> [TASK DIRECTIONS]: Find all lines in the listing that include the word "Photo", then copy them.
[SUPPLIED ENTRIES Boundary: Start]
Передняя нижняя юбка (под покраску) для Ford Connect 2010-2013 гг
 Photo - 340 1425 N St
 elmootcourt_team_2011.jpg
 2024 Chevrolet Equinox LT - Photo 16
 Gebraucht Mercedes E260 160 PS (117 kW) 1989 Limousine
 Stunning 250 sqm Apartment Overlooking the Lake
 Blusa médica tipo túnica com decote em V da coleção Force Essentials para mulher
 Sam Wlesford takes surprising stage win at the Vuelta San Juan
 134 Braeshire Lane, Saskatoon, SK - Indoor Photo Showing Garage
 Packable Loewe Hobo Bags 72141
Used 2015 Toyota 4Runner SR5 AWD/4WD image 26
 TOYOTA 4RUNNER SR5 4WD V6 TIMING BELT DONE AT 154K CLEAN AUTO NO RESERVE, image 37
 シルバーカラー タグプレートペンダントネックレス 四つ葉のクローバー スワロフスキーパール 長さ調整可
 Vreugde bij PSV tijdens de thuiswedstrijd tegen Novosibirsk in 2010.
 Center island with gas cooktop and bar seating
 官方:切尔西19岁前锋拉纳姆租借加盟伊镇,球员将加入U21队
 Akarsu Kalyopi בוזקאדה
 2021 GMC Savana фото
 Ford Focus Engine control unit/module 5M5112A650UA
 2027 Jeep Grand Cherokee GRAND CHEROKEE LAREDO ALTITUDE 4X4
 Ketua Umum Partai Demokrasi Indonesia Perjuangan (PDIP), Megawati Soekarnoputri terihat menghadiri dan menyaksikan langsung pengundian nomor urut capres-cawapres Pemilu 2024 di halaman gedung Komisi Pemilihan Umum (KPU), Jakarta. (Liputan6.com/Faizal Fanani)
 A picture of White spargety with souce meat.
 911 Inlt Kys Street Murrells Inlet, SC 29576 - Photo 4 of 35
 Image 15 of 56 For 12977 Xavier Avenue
[SUPPLIED ENTRIES Boundary: End]
> [EXERCISE OUTPUT]:
 Photo - 340 1425 N St
 2024 Chevrolet Equinox LT - Photo 16
 134 Braeshire Lane, Saskatoon, SK - Indoor Photo Showing Garage
 911 Inlt Kys Street Murrells Inlet, SC 29576 - Photo 4 of 35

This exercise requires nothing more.